Hospitals in the West Midlands are forecast to reach maximum capacity by next weekend, the region’s mayor has said, amid growing concern that one in five deaths from coronavirus in England have happened in the Midlands.
Andy Street said the West Midlands appeared to be the UK’s next hotspot after London and that Birmingham’s new field hospital would be ready to open by next Saturday or Sunday when admissions are expected to peak.
Analysis by the Guardian has found that 21% of the 3,302 deaths reported in English hospitals to date have occurred in the Midlands, while University hospitals Birmingham NHS foundation trust has recorded the third highest number of deaths of any trust in the country at 102 deaths.
Street said the Nightingale hospital at the Birmingham NEC arena would initially take 500 patients but have capacity to hold even more than the 3,000 at London’s ExCeL – potentially making it the biggest medical facility in the UK.
“The expectation, given the modelling of how this disease is spreading, means that we will need the capacity at the NEC Nightingale hospital at about the time it’s due to open,” Street said.
A separate political source said there was growing alarm about a lack of ventilators for patients suffering the worst effects of the virus. The source said there were only 240 ventilators in the West Midlands and that the region would need 2,500 by 11 April, when patient numbers are expected to peak.
Toby Lewis, the chief executive of Sandwell and West Birmingham hospitals NHS trust, said: “Clearly this area – Birmingham and the Black Country – is the absolute priority for ventilator provision and it is fantastic that the NHS have recognised that.

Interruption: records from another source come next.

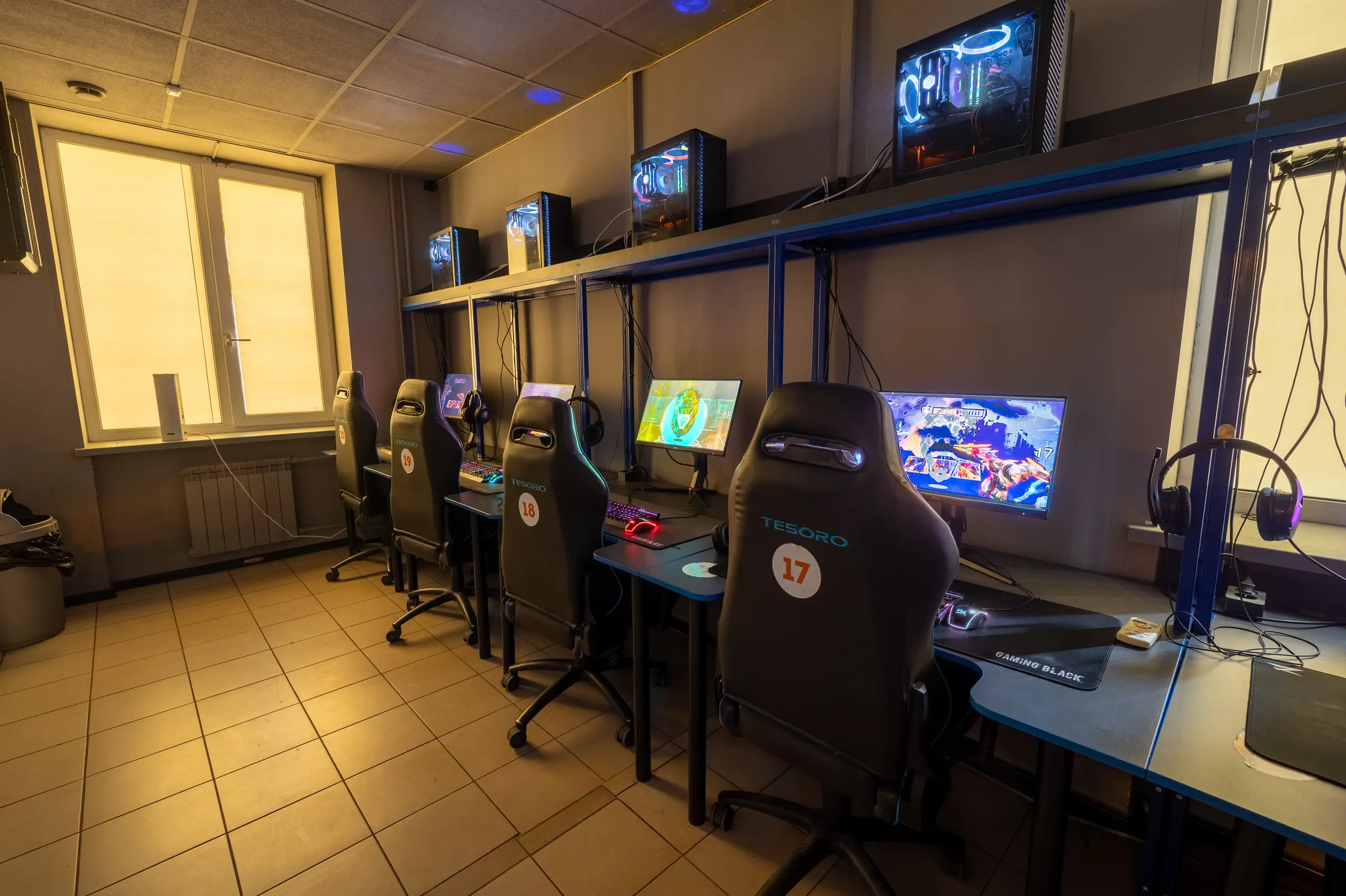 Изображение клуба КиберПрайд - Сормово № 5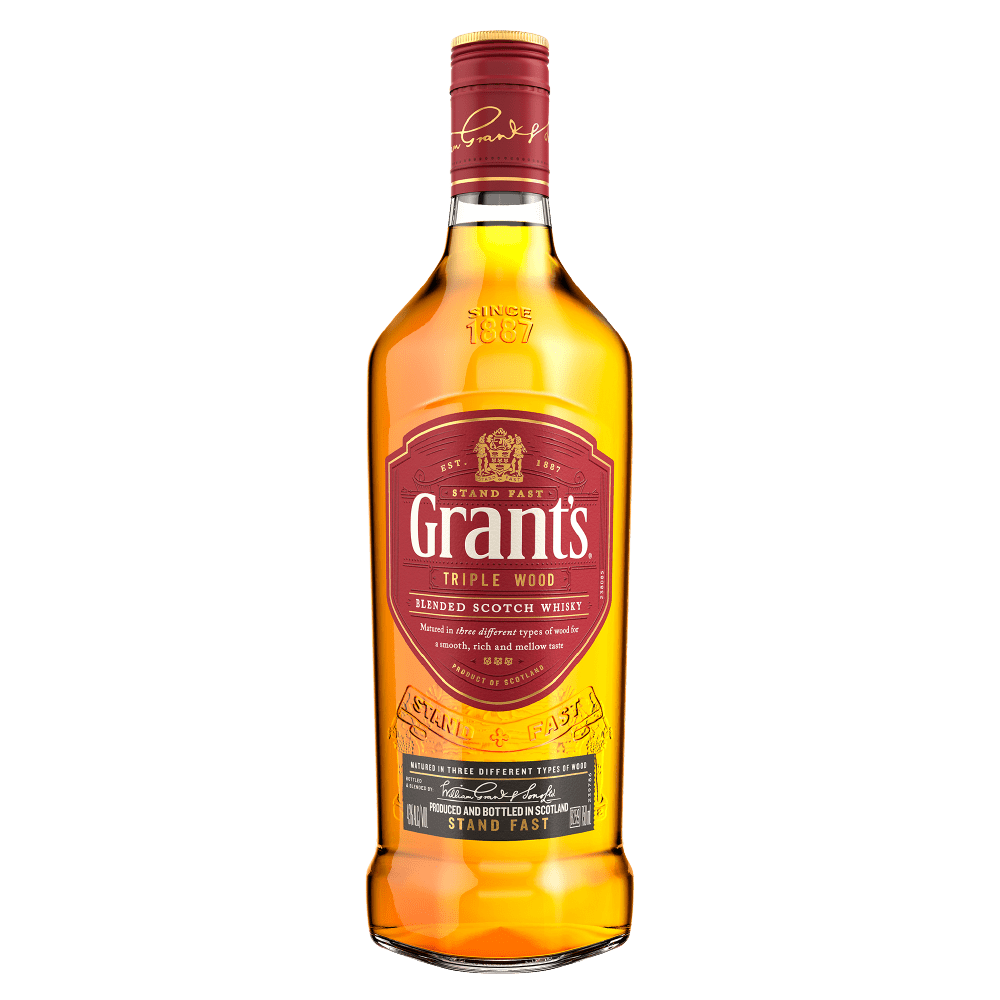 Whisky grant&#39;s 700ml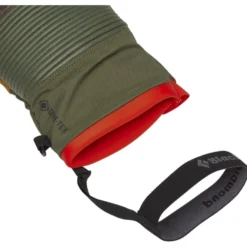 Guanti Black Diamond Impulse Gloves Beeswax Walnut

We are seeing equipment arriving today and more equipment arriving tomorrow.
“That is very, very important because across the NHS locally at the moment we are training staff to work in slightly different areas in the ones they work in currently so it is really important that we have the equipment in place to give staff the confidence in the care that they are going to provide but I am very clear that this time tomorrow we will have more ventilators to work with as will neighbouring institutions.”
Nick Page, the chief executive of Solihull council, said a further 253 ventilators would be delivered on Saturday to Solihull and the Black Country.
Street said hospitals in the West Midlands were coping with the huge influx of coronavirus patients with a “herculean effort” but that they were soon expected to reach capacity. Officials in the region believe its number of cases is tracking about two weeks behind London.
The Conservative mayor, a former managing director of John Lewis, described transforming the NEC into potentially the UK’s biggest field hospital as “our Dunkirk moment” and said it had taken “eye-watering effort” and coordination across multiple sectors. A temporary mortuary with space for up to 12,000 bodies is being built at Birmingham airport, next to the NEC.
So far 693 deaths from coronavirus in England have been registered in the Midlands – 2second only to London, where almost a third of all deaths in the country have been recorded.
As well as University hospitals Birmingham, two other Midlands trusts are among those with the highest death count: the Royal Wolverhampton NHS trust has recorded 81 deaths – the fourth highest number of deaths in England – while Sandwell West Birmingham has reported 68 deaths.
One NHS area in Birmingham has also recorded the highest number of triages in the country, with 44,000 calls and online contacts resulting in individuals being told that their symptoms were in keeping with Covid-19. However, the city has not recorded the most coronavirus triages when population size is taken into account.
The reasons behind the high number of deaths and confirmed cases in the Midlands are not clear. Birmingham is the country’s second biggest city by population – with 1.1 million residents – so a high number of cases is not unexpected. Some academics have suggested the region’s industrial past, combined with high levels of smoking, could be a cause.
The Birmingham MP Khalid Mahmood said religious backgounds could also be playing a part and that elderly Muslim and Sikh people in the region were struggling to adhere to government guidelines on social distancing.
Public Health England is believed to be examining transmission patterns to see if anything unusual is happening in the Midlands but it could be weeks or months before that analysis becomes clear.